* _Activity_: Could you print exactly the lines of the listing below, starting at the line that has "5423 Dovetail Arbor Trace Property Photo 13" and ending at the line that has "Dent Fresh smart", and only those lines?

####

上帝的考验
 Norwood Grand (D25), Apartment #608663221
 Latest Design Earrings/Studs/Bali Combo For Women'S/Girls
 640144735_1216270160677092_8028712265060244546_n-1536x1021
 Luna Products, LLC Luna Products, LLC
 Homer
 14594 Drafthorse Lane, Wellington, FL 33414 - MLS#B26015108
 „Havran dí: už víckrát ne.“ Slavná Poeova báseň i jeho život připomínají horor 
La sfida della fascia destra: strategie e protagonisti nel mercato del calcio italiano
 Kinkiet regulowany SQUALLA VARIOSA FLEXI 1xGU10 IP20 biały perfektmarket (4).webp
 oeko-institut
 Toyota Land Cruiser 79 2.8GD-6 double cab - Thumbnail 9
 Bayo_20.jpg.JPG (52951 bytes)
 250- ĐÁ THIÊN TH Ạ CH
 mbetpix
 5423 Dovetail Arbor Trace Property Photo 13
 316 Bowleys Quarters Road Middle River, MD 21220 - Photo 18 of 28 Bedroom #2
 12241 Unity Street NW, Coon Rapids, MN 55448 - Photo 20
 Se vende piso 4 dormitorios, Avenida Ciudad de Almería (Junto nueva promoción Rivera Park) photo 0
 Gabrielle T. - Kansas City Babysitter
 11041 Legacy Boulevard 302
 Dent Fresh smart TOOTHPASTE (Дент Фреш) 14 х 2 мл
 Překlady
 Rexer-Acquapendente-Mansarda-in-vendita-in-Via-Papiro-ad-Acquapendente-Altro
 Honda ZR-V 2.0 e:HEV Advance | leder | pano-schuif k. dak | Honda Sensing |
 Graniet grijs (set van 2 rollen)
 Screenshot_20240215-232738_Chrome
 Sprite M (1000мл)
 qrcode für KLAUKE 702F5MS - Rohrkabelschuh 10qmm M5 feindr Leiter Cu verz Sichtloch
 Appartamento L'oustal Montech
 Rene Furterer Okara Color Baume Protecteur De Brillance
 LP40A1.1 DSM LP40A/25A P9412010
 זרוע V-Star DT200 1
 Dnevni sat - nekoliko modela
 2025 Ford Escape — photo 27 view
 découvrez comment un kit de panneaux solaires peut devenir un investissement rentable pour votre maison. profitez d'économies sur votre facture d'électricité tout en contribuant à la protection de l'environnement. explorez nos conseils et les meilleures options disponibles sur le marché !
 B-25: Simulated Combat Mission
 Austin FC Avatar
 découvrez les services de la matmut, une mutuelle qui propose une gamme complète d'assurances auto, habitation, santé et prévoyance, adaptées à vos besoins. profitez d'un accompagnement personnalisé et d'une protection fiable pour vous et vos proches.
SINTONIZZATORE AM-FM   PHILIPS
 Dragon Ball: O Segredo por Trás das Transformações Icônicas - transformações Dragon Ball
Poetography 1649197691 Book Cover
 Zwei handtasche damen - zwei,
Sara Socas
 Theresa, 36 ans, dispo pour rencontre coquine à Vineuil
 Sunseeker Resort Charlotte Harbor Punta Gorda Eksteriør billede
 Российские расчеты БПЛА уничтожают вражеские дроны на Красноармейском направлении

####

* _Answer to this task_:
 5423 Dovetail Arbor Trace Property Photo 13
 316 Bowleys Quarters Road Middle River, MD 21220 - Photo 18 of 28 Bedroom #2
 12241 Unity Street NW, Coon Rapids, MN 55448 - Photo 20
 Se vende piso 4 dormitorios, Avenida Ciudad de Almería (Junto nueva promoción Rivera Park) photo 0
 Gabrielle T. - Kansas City Babysitter
 11041 Legacy Boulevard 302
 Dent Fresh smart TOOTHPASTE (Дент Фреш) 14 х 2 мл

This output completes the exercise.